New study highlights impact of ‘late payment culture’ on SMEs
The UK’s worsening late payments crisis is having a detrimental impact on investment, innovation and growth for small and medium-sized enterprises (SMEs) a new study suggests.
Far-reaching research from fintech firm Concur has revealed that 40 per cent of SMEs have received at least one late payment within the last month, while 63 per cent have received at least one late payment every single month in 2017 so far.
The report, entitled Invoice Utopia, quizzed more than 1,200 SMEs to determine the most common effects of late payments on Britain’s businesses.
It found that 17 per cent of firms had been forced to turn their backs on planned investments due to their problems with late payments, while 15 per cent had been forced into a position where they were unable to pay salaries.
A further 10 per cent said that unpaid invoices had forced them to significantly reduce spending on innovation and technology, while seven per cent of firms said that they had been forced to make redundancies.

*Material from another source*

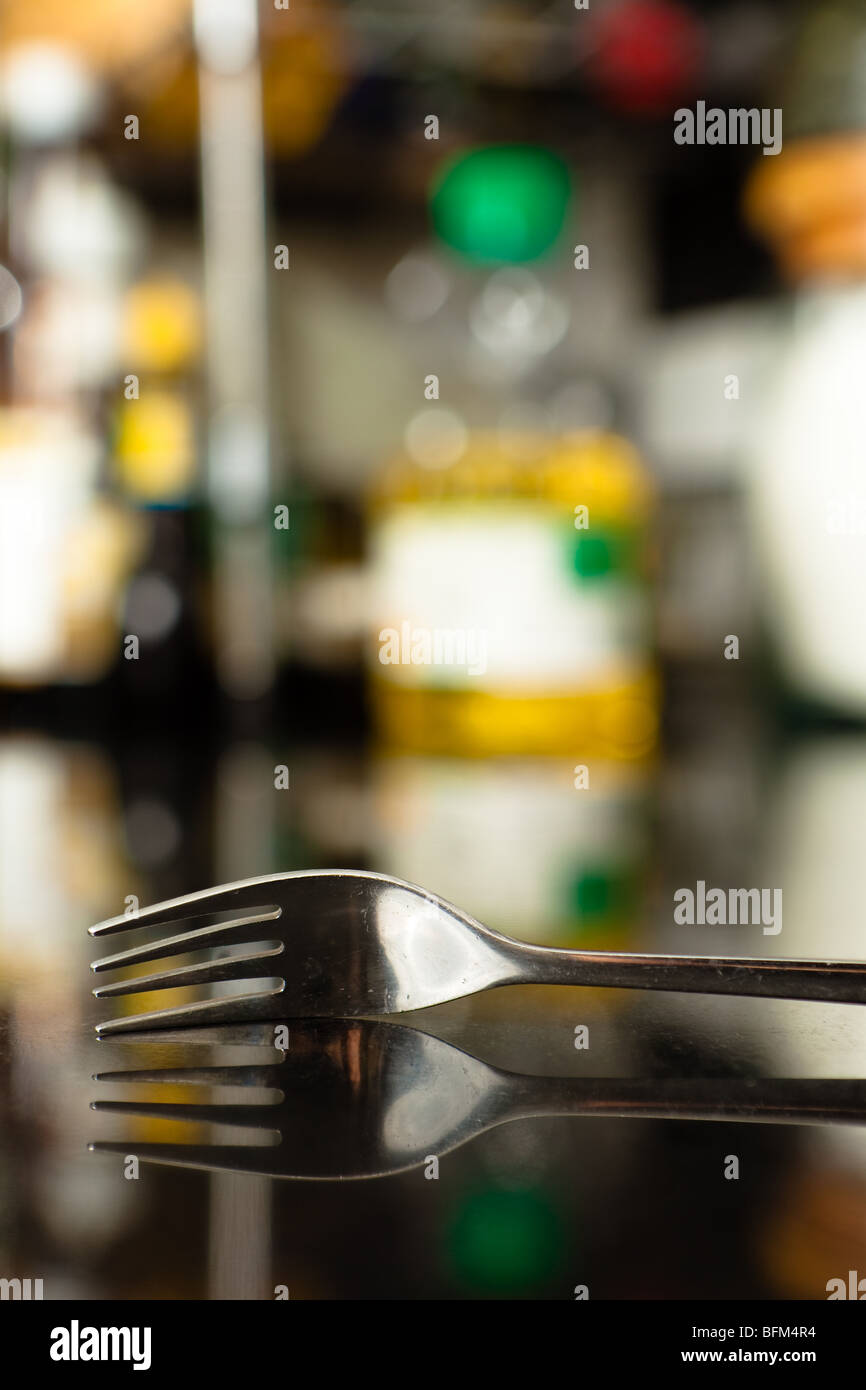 Old and Scratchy Fork with its reflection isolated by shallow depth of field. Stock Photo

Emma Maslen, Senior Regional Director for Enterprise at concur, said that it was “shocking” that so many SMEs were so heavily affected by the UK’s late payments culture, and that the report highlighted the “very real risk” such culture poses to “some of the country’s leading employers.”
However, she praised SMEs’ flexibility and expertise in attempting to keep on top of the issue.
She said: “Although not cash-rich, small and micro businesses have the agility and flexibility to make strategic decisions when it comes to cash flow. And of course, enterprises more often than not have a ‘cash cushion’ available to bail them out in difficult situations.”
Going forward, however, she suggested that serious change was needed in order to tackle the growing problem.